The U.S. dollar fell significantly overnight against the majority of its counterparts, pulling back from recent highs as global equity markets rebounded. Indeed, European equities and U.S. stock futures both rose over 2.5% overnight. The dollar retreated from an 8-week high versus the Euro on speculation European leaders are taking additional steps to stem the region’s debt crisis. The greenback lost the most versus the New Zealand dollar after Prime Minister John Key was re-elected with his party’s biggest majority in 60 years. The large majority likely strengthens Key’s ability to balance the budget.

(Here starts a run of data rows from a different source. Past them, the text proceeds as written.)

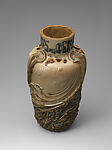Les Fleurs étranges de mer, François-Emile Décorchemont (French, 1880–1971), Salt glazed stoneware, French, Paris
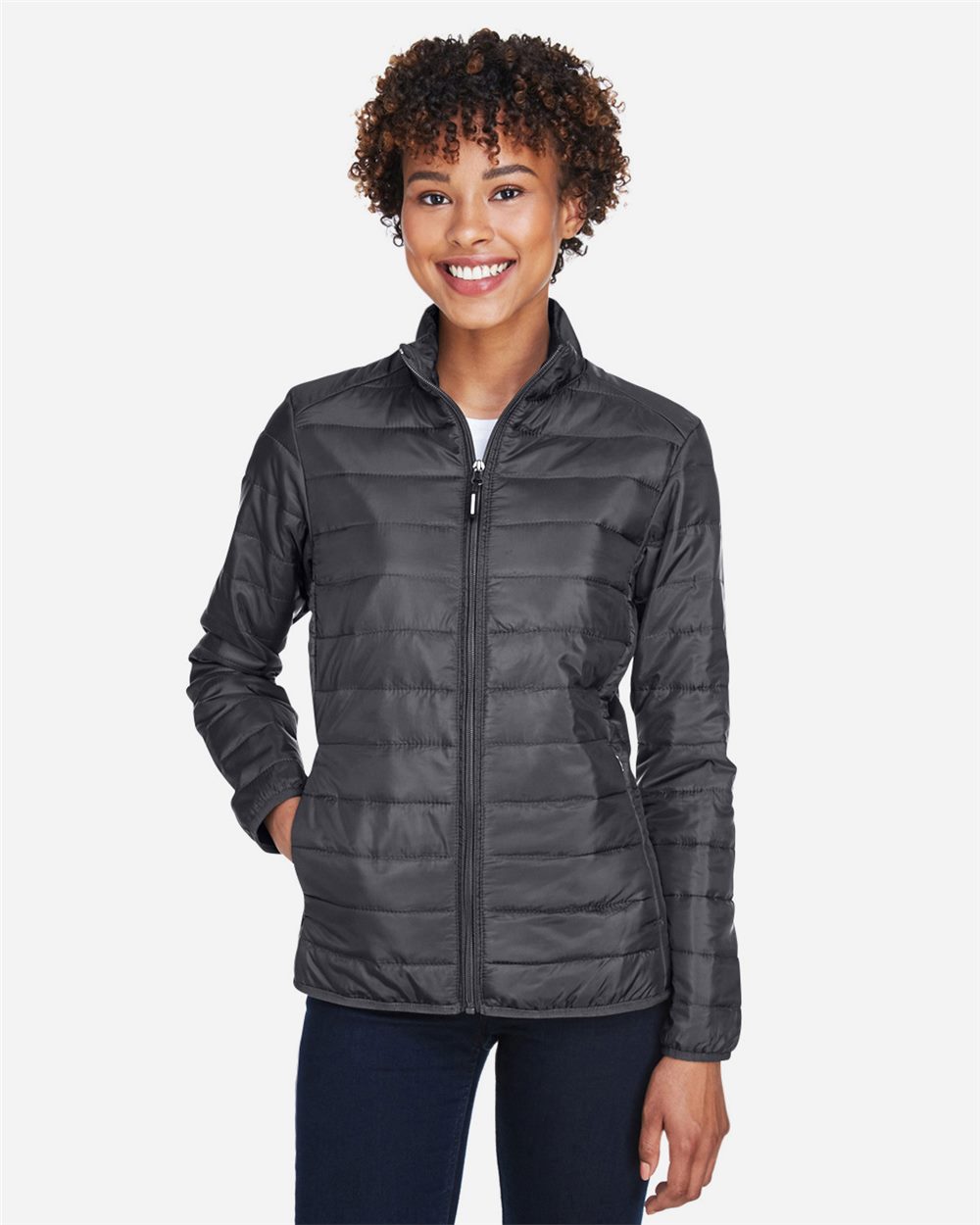CORE365® Women's Prevail Packable Puffer Jacket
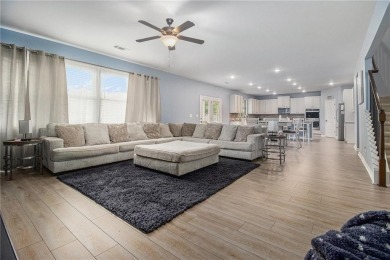 Elegant Lakefront Living with Golf Course Scenery!
Step into on Durham Lakes Country Club in Georgia - for sale on GolfHomes.com, golf home, golf lot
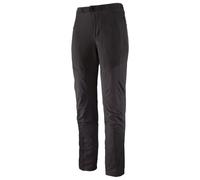 Patagonia - Women's Altvia Alpine Pants - Pantaloni da trekking 38 - Short nero/grigio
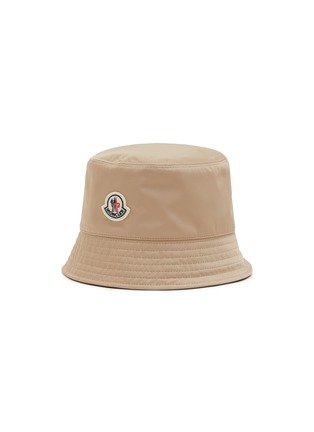 首图 - 点击放大 - MONCLER - Logo Patch Bucket Hat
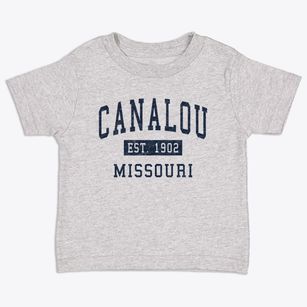 Canalou Missouri Classic Established Toddler T-Shirt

Later this morning, the economic docket is expected to show that new home sales expanded at 0.6% in October, down from 5.7% the month prior. Tomorrow sees the release of S&P Case Shiller Home price index and consumer confidence, followed by ADP private employment data and pending home sales on Wednesday. Weekly jobless claims, construction spending and ISM manufacturing data is expected on Thursday, while Non-farm payrolls and the unemployment rate will round out the week on Friday.
The Euro pulled back from recent lows versus the U.S. dollar after German Finance Minister Wolfgang Schaeuble urged fast-track treaty changes to tighten budget discipline and a newspaper reported that German Chancellor Angela Merkel and French President Nicolas Sarkozy are planning a stability pact to counter the crisis. A treaty change is necessary to give veto power over member-state budgets to the European Union Commission, Germany’s Schaeuble said in an interview yesterday. “We can do that quickly and this will send an important signal to markets that the euro is and remains a stable currency,” he said. Merkel and Sarkozy may start a coalition of euro-zone members that would commit to greater fiscal discipline without waiting to change EU treaties, Germany’s Welt newspaper reported, without saying where it got the information. The Euro stayed higher after a report showed consumer confidence in Germany will rise in December. The index from GfK SE will advance to 5.6 from 5.4 in November, the market research company said.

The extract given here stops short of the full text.